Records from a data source
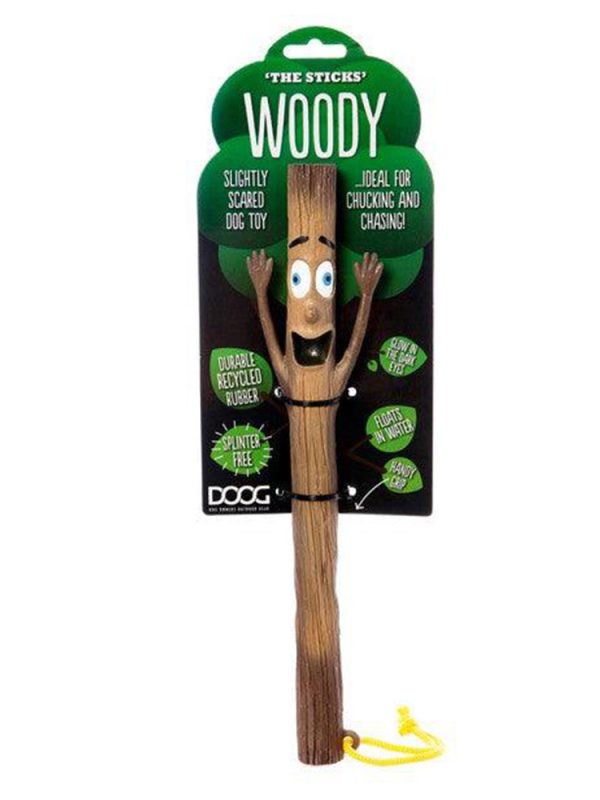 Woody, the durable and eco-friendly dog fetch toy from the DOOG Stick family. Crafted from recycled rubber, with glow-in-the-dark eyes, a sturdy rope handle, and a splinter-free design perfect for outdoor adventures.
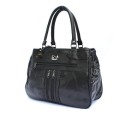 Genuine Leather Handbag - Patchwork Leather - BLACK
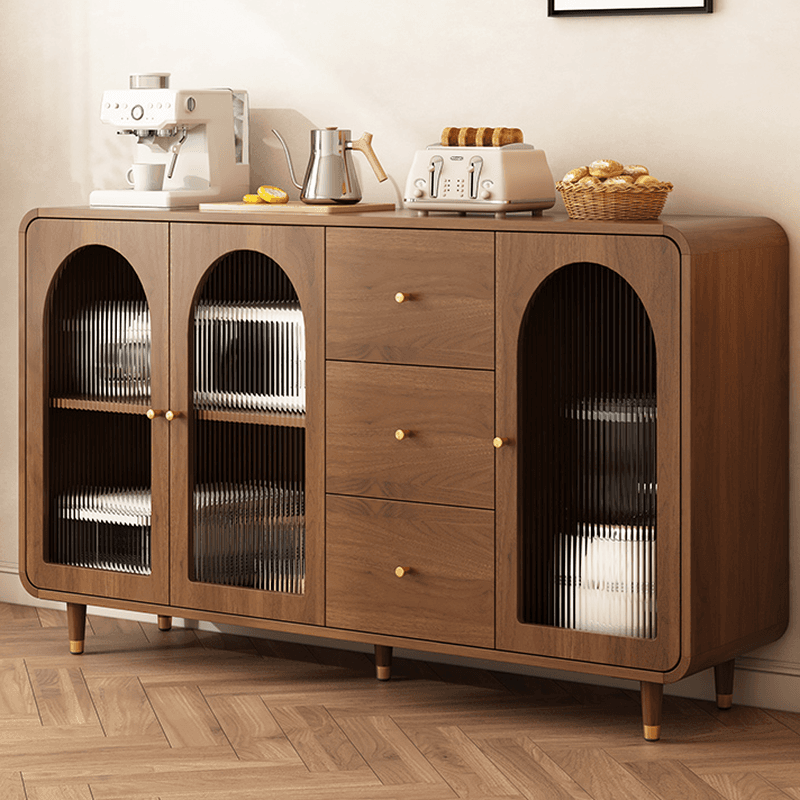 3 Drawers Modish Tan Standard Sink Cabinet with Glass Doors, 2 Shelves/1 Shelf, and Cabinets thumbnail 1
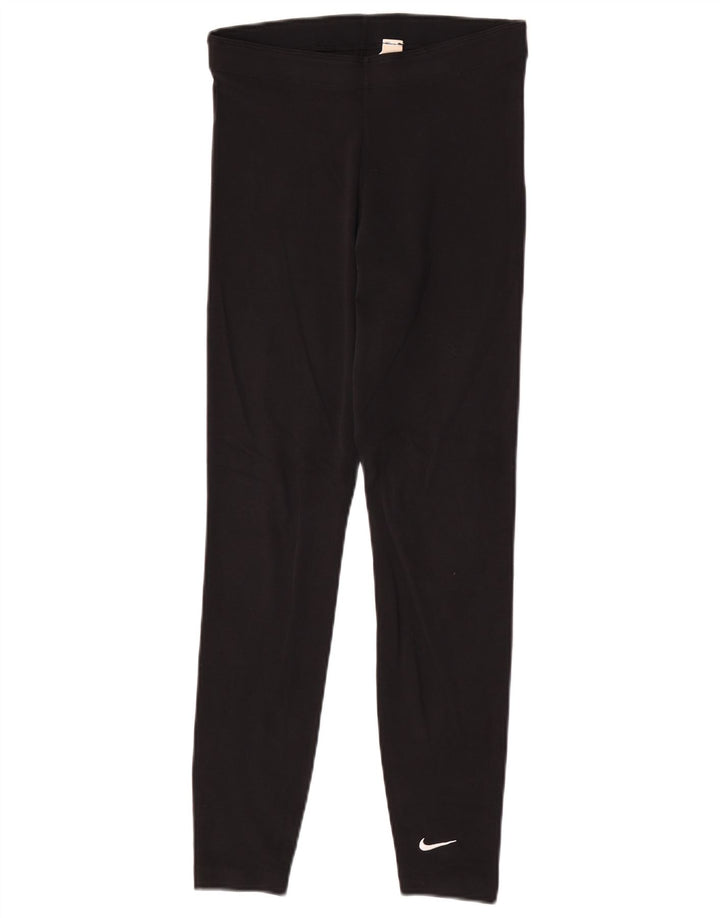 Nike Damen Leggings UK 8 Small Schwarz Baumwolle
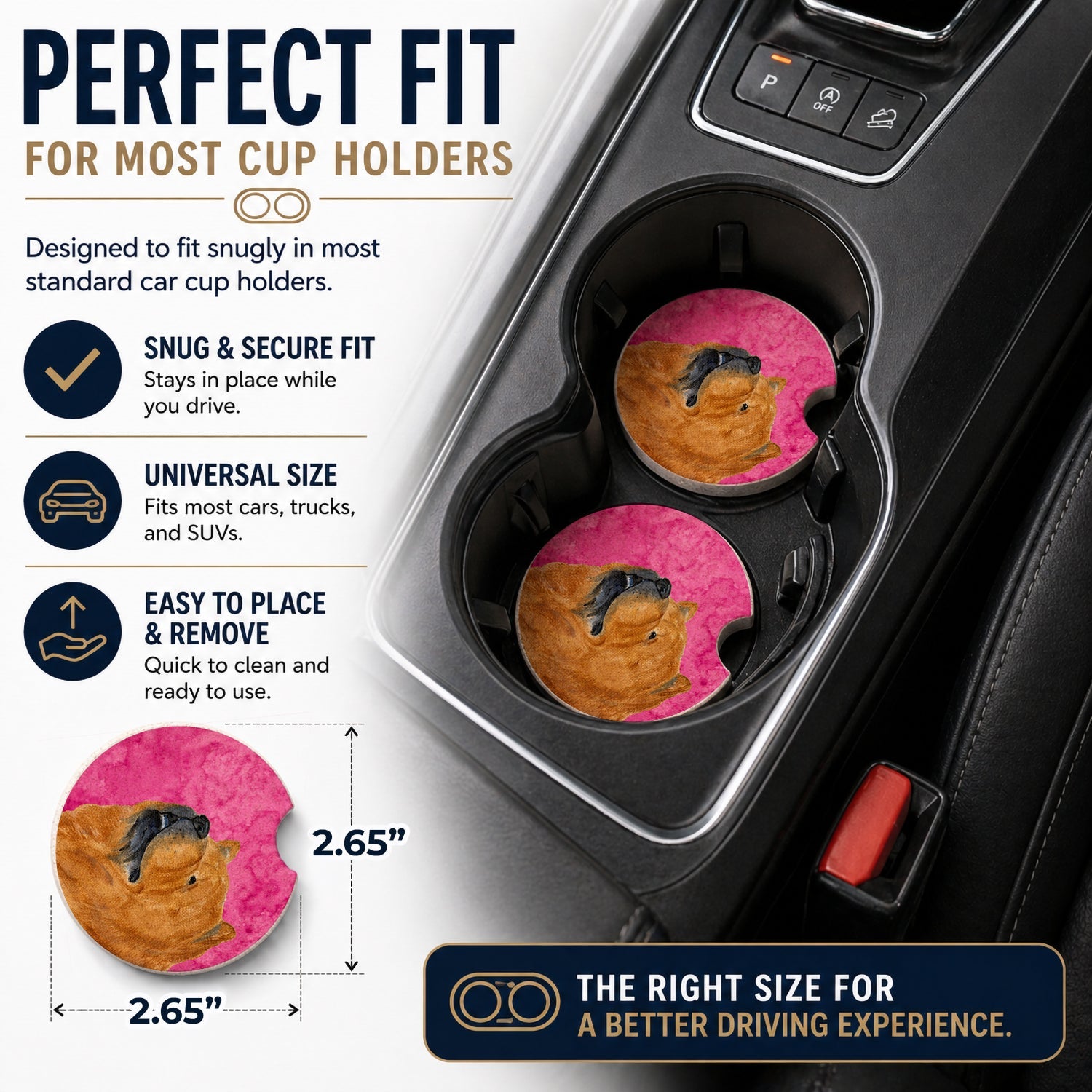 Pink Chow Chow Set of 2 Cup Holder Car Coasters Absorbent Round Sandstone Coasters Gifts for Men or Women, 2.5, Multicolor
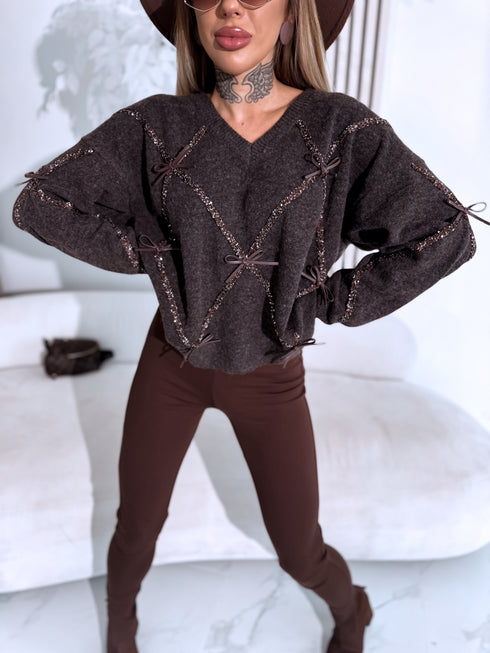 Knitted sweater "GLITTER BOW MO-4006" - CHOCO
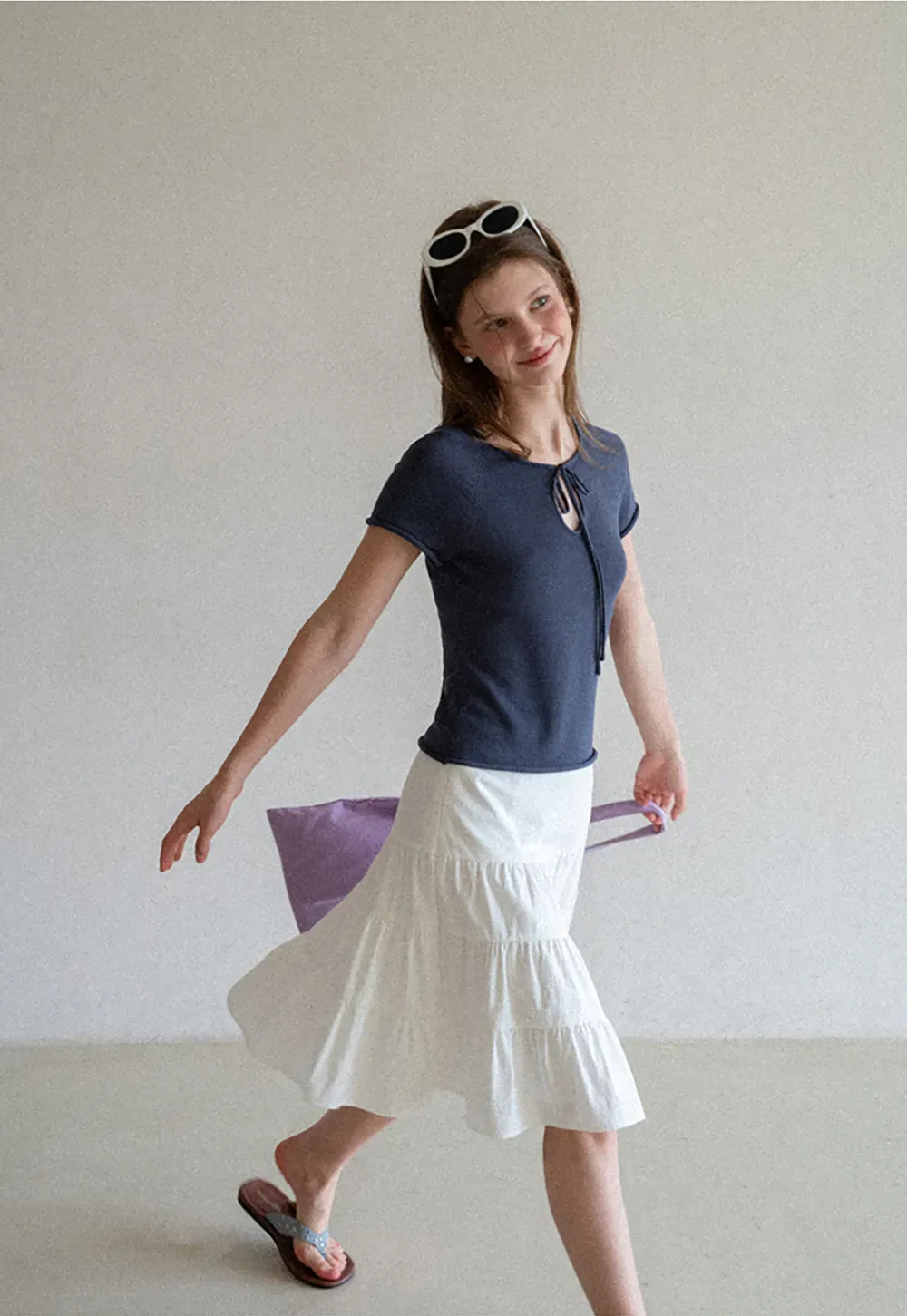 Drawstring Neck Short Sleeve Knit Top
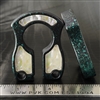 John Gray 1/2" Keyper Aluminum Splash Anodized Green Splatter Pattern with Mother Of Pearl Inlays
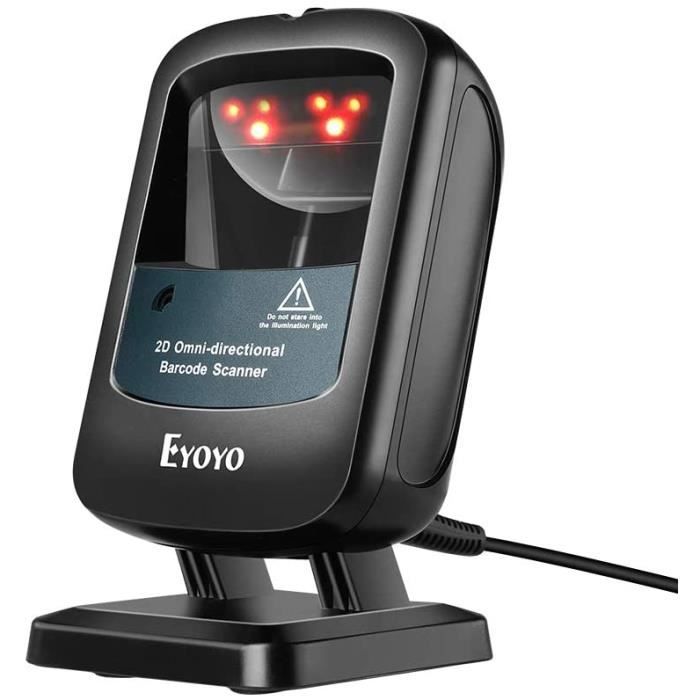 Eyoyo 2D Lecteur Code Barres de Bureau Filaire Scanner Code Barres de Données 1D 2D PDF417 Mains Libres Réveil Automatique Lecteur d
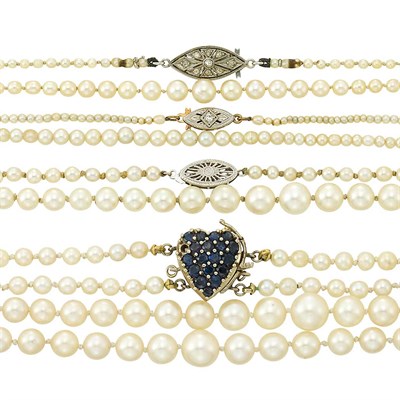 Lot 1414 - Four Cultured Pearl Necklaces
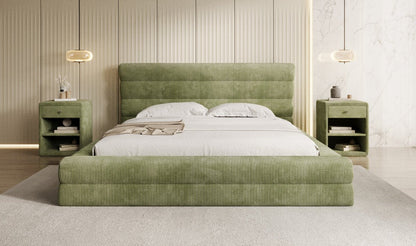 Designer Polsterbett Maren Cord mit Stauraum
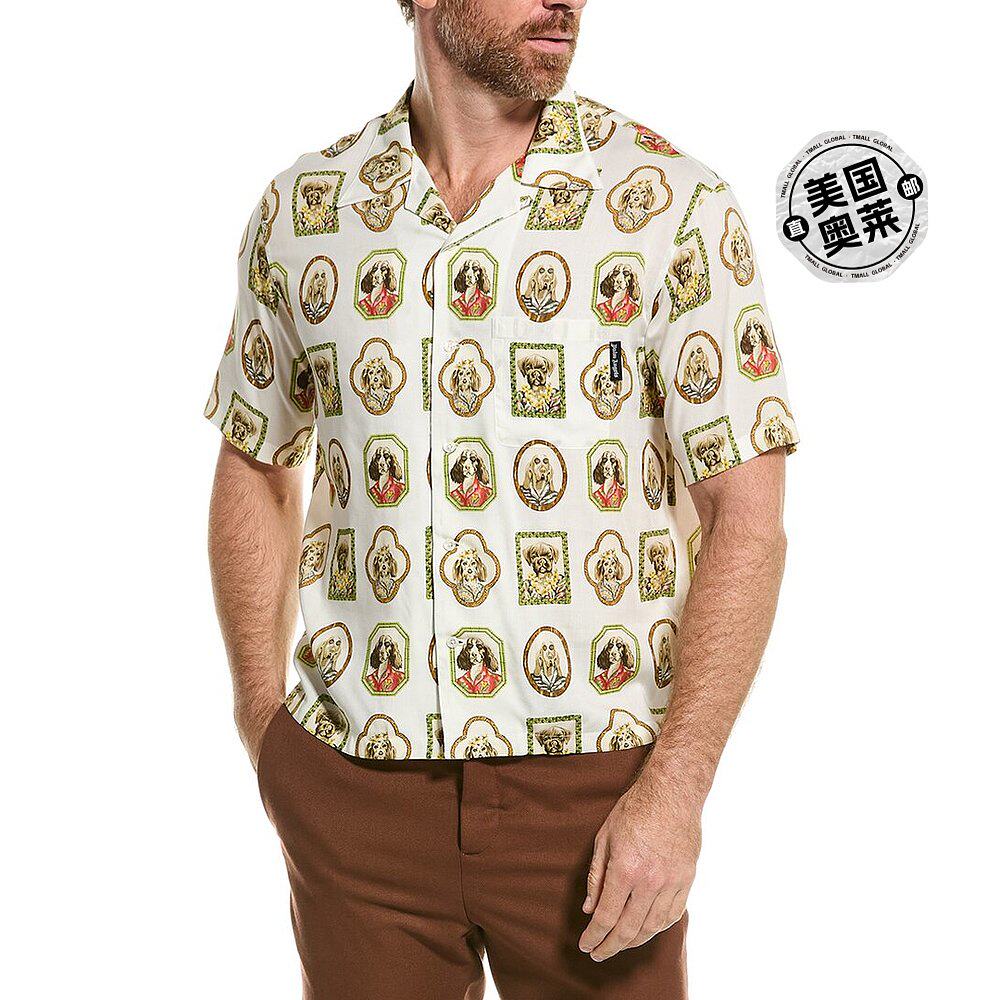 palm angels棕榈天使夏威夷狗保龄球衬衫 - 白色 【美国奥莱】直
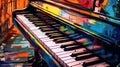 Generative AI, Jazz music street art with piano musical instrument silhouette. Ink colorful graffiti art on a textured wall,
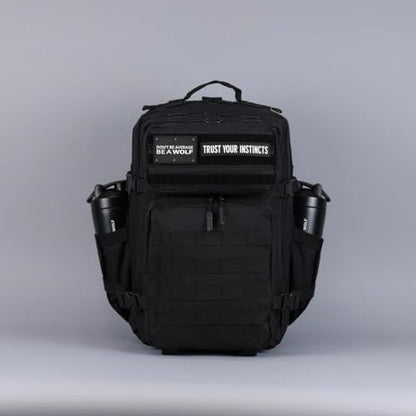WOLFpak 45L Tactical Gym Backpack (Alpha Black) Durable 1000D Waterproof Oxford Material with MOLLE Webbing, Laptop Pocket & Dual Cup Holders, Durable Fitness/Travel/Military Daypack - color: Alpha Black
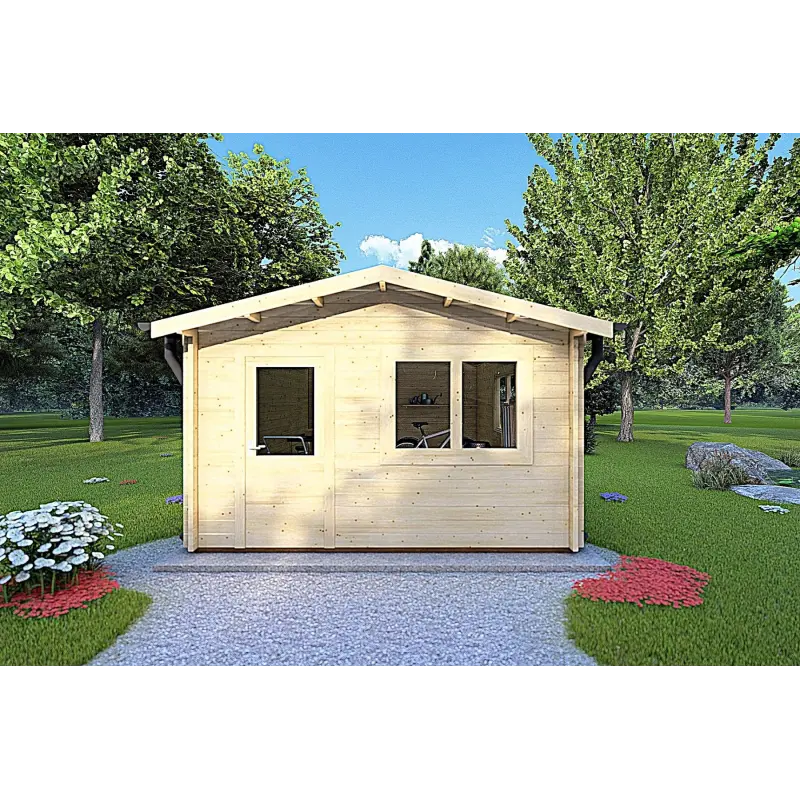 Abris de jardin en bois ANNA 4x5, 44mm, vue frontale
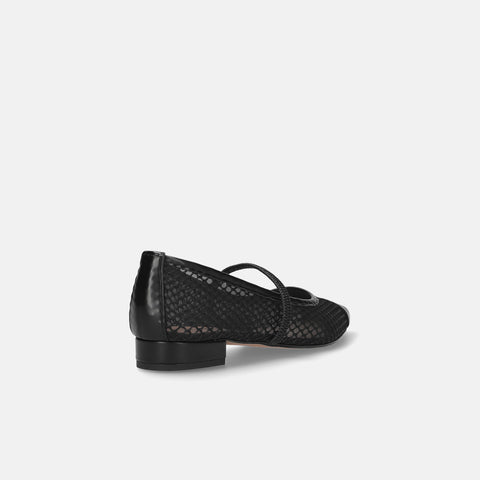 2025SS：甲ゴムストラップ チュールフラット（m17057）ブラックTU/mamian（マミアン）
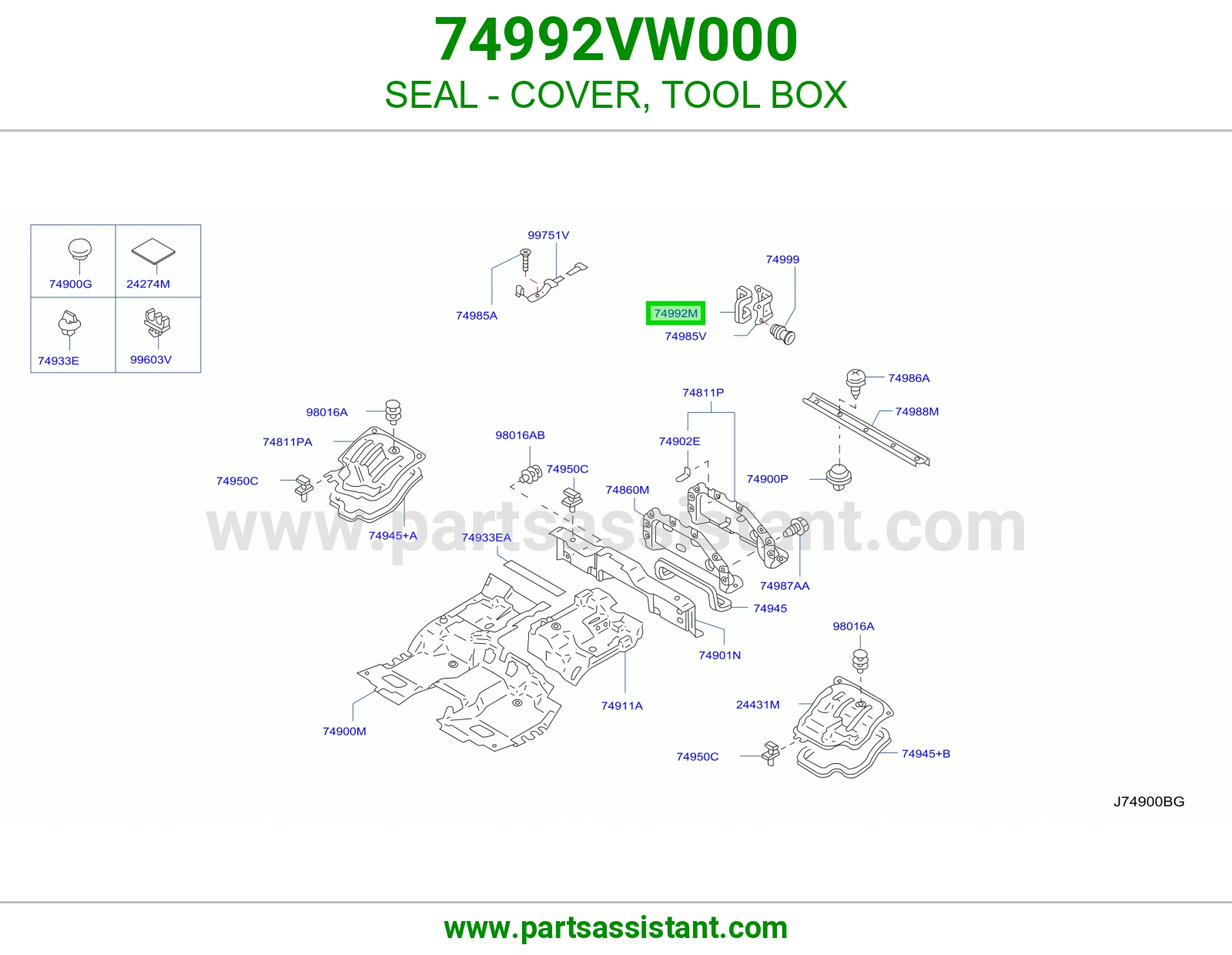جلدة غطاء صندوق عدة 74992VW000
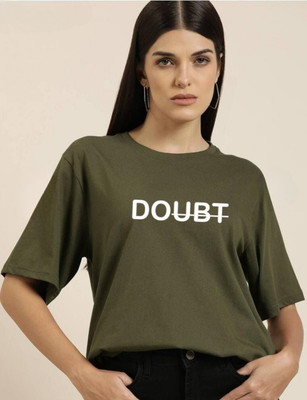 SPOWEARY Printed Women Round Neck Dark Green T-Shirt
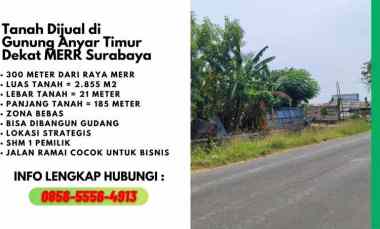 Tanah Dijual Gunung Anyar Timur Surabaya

_Problem statement_
Transcribe every line of the data exactly. No pictures go in the copy.

_Answer space_
 Woody, the durable and eco-friendly dog fetch toy from the DOOG Stick family. Crafted from recycled rubber, with glow-in-the-dark eyes, a sturdy rope handle, and a splinter-free design perfect for outdoor adventures.
 Genuine Leather Handbag - Patchwork Leather - BLACK
 3 Drawers Modish Tan Standard Sink Cabinet with Glass Doors, 2 Shelves/1 Shelf, and Cabinets thumbnail 1
 Nike Damen Leggings UK 8 Small Schwarz Baumwolle
 Pink Chow Chow Set of 2 Cup Holder Car Coasters Absorbent Round Sandstone Coasters Gifts for Men or Women, 2.5, Multicolor
 Knitted sweater "GLITTER BOW MO-4006" - CHOCO
 Drawstring Neck Short Sleeve Knit Top
 John Gray 1/2" Keyper Aluminum Splash Anodized Green Splatter Pattern with Mother Of Pearl Inlays
 Eyoyo 2D Lecteur Code Barres de Bureau Filaire Scanner Code Barres de Données 1D 2D PDF417 Mains Libres Réveil Automatique Lecteur d
 Lot 1414 - Four Cultured Pearl Necklaces
 Designer Polsterbett Maren Cord mit Stauraum
 palm angels棕榈天使夏威夷狗保龄球衬衫 - 白色 【美国奥莱】直
 Generative AI, Jazz music street art with piano musical instrument silhouette. Ink colorful graffiti art on a textured wall,
WOLFpak 45L Tactical Gym Backpack (Alpha Black) Durable 1000D Waterproof Oxford Material with MOLLE Webbing, Laptop Pocket & Dual Cup Holders, Durable Fitness/Travel/Military Daypack - color: Alpha Black
 Abris de jardin en bois ANNA 4x5, 44mm, vue frontale
 2025SS：甲ゴムストラップ チュールフラット（m17057）ブラックTU/mamian（マミアン）
جلدة غطاء صندوق عدة 74992VW000
 SPOWEARY Printed Women Round Neck Dark Green T-Shirt
 Tanah Dijual Gunung Anyar Timur Surabaya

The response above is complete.